Even before the advent of wet milling with fermentation tanks, perhaps 300 years ago, chemistry was happening inside the coffee cherry after it was picked and during drying. With or without the introduction of water into the process, microorganisms (aka little tiny tiny single-celled alchemists like yeast, bacteria, and fungi that can only be seen with a microscope) are busy transforming organic substances like pectins, starches and sugars inside the coffee cherry into something else, like acid and ethanol, that can be absorbed by the bean.
In fact, under the right conditions, fermentation can begin before the coffee cherry is even picked. When humidity is high, coffee can over-ferment if not depulped soon after picking.
Although fermentation during the wet milling of coffee has a long history (with many variations in process), the focus of fermentation was primarily to loosen the mucilage clinging to the bean so that washing could be more easily and thoroughly accomplished. In 1922, William Ukers wrote:
“Whether coffee is washed or not, it has to be dried; and there is a kind of fermentation that goes on during washing and drying, about which coffee planters have differing ideas, just as tea planters differ over the curing of tea leaves. Careful scientific study is needed to determine how much, if any, effect this fermentation has on the ultimate cup value.”

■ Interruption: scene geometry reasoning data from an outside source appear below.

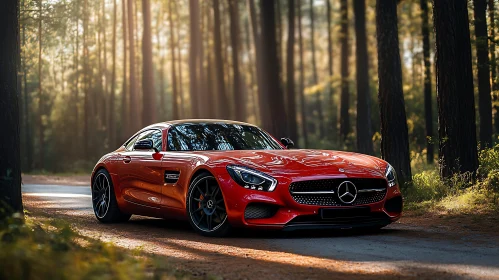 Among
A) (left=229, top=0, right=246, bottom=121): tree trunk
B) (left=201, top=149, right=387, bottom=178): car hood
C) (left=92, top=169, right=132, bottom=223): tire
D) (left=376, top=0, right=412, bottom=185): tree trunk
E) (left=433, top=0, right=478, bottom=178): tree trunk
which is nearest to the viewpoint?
(left=201, top=149, right=387, bottom=178): car hood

In-depth analysis of controlled fermentation and experimentation to positively affect cup quality is a relatively recent development and largely coincides with the rise of the specialty coffee industry. Fermentation interventions, or augmentations, are just a few years old.
Fermenting Coffee with Fruit
One of the most recent processing innovations in the specialty coffee industry is fermenting coffee with fruit, literally introducing fruit and/or fruit juices into green coffee processing.
Coffee producers have moved from experimentation to solid success with a variety of methods of coffee fruit fermentation, including carbonic maceration, where coffee cherries are sealed in containers and the oxygen removed using C02. This method of fermenting coffee with fruit opens up a whole world of possibilities with specialty coffee – adding fruit flavors and notes to premium green coffee.
Fruit Fermentation can also include adding sliced or smashed fruit to honey processed coffee as it is turned during drying. A wide variety of fruit or friends of fruit, like wine yeast, have been used. We've been able to cup coffees from our producer partners in Colombia that have been fermented with grapes, oranges, wine yeast, passionfruit and more.
Some of the fruit “partnerships” result in such pronounced flavors they are easily identifiable even by those without professional coffee tasting credentials, sometimes even before they taste the coffee. The unmistakable aroma of grape fills the air as coffee fermented with grapes spills from the grinder.
When it comes to understanding the science of fermentation in coffee processing, with fruit or without, much remains to be explored as producers continue to push processing boundaries. Fruit fermentation might not be everyone’s cup of coffee, but for those of us who enjoy exploring different and new, innovations in processing will continue to deliver.